Aim of the task
Go to the line holding "Кофе с корицей" in the entries below and write out exactly every line down to and including the line holding "85嵗的我，20年的獨居生活".

Supplied material
-- Opening Marker --

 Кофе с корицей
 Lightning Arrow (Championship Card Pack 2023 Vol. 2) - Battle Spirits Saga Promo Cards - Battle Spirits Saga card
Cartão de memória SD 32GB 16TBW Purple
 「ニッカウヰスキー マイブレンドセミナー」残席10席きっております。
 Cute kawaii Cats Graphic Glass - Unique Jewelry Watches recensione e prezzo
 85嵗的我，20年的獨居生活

-- Closing Marker --
-- Opening Marker --

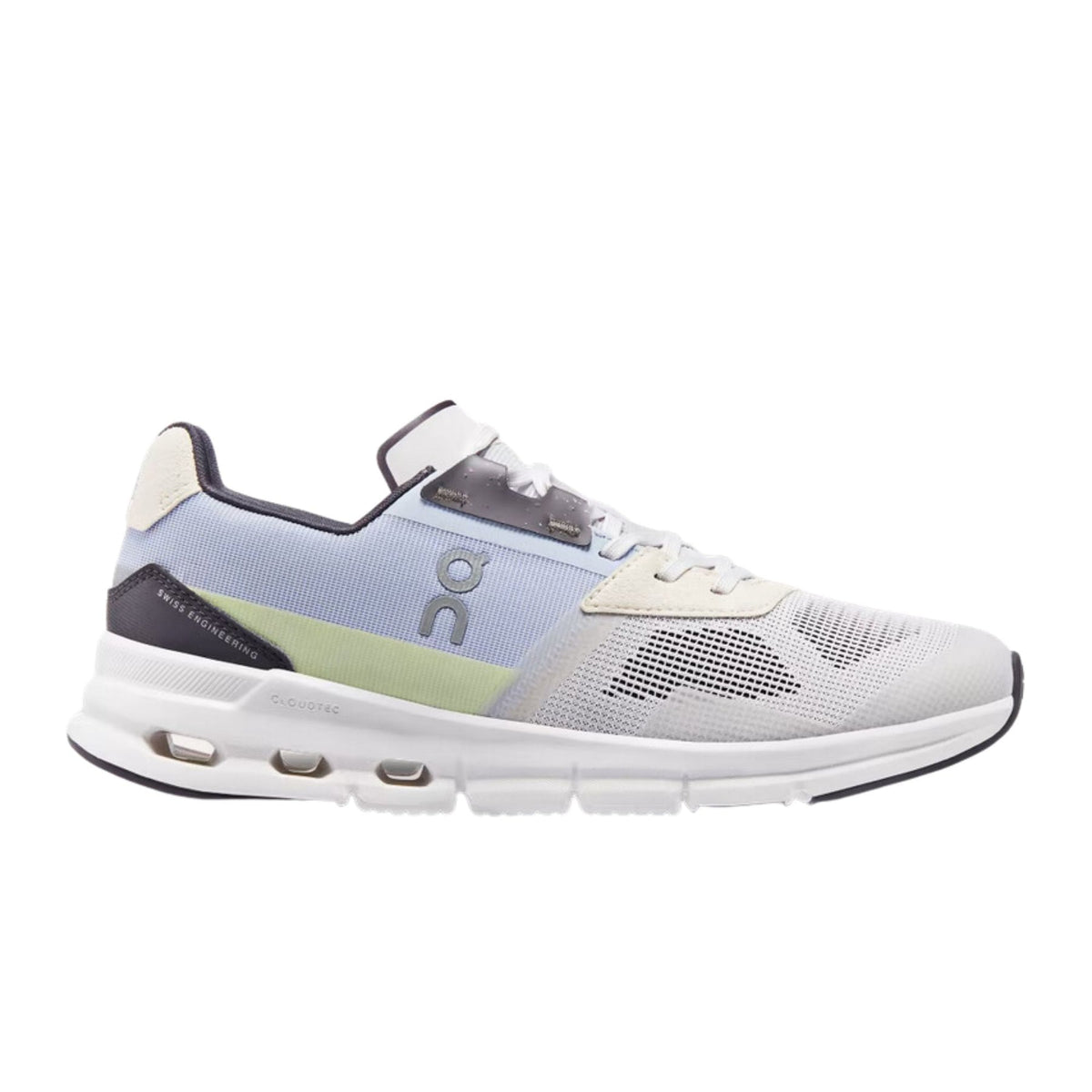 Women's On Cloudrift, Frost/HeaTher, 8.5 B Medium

-- Closing Marker --
-- Opening Marker --

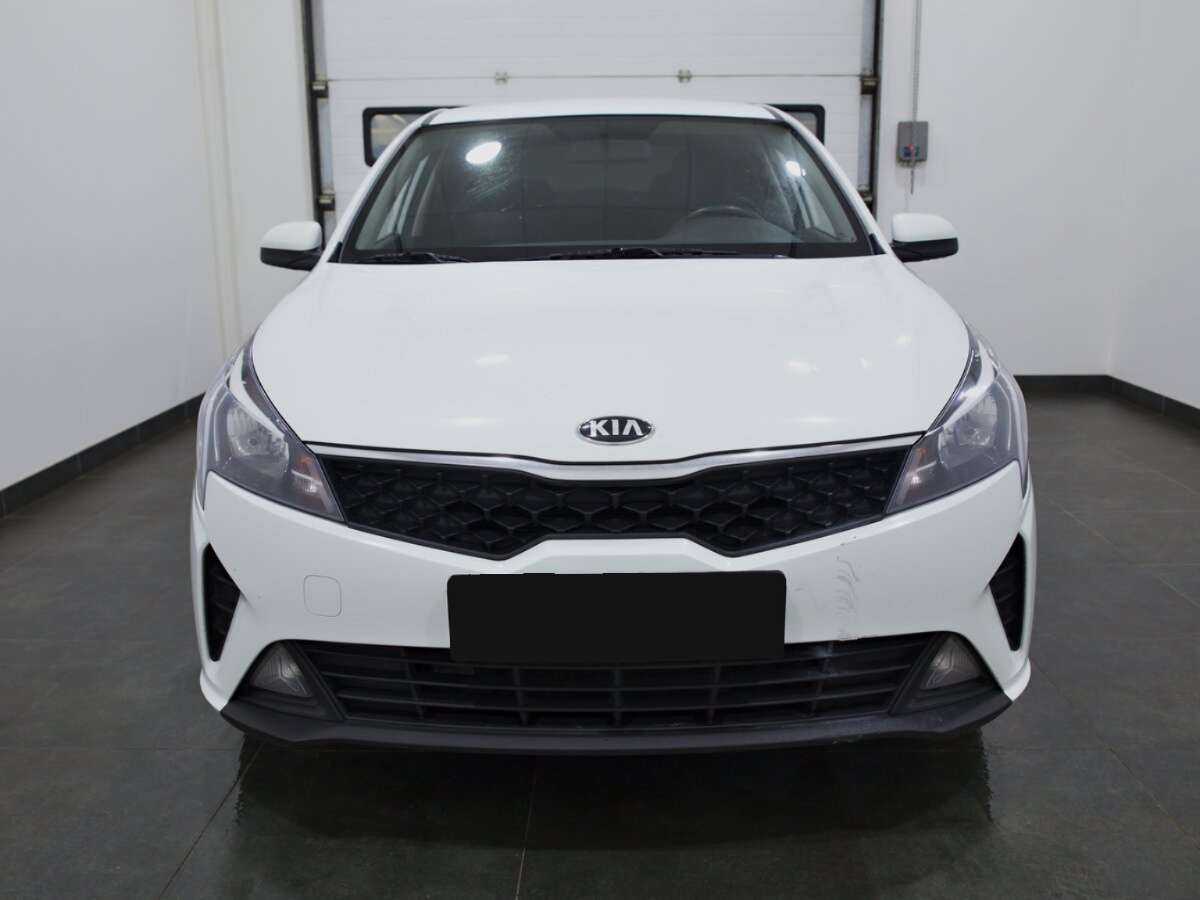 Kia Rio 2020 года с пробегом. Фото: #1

-- Closing Marker --

Response box
 Кофе с корицей
 Lightning Arrow (Championship Card Pack 2023 Vol. 2) - Battle Spirits Saga Promo Cards - Battle Spirits Saga card
Cartão de memória SD 32GB 16TBW Purple
 「ニッカウヰスキー マイブレンドセミナー」残席10席きっております。
 Cute kawaii Cats Graphic Glass - Unique Jewelry Watches recensione e prezzo
 85嵗的我，20年的獨居生活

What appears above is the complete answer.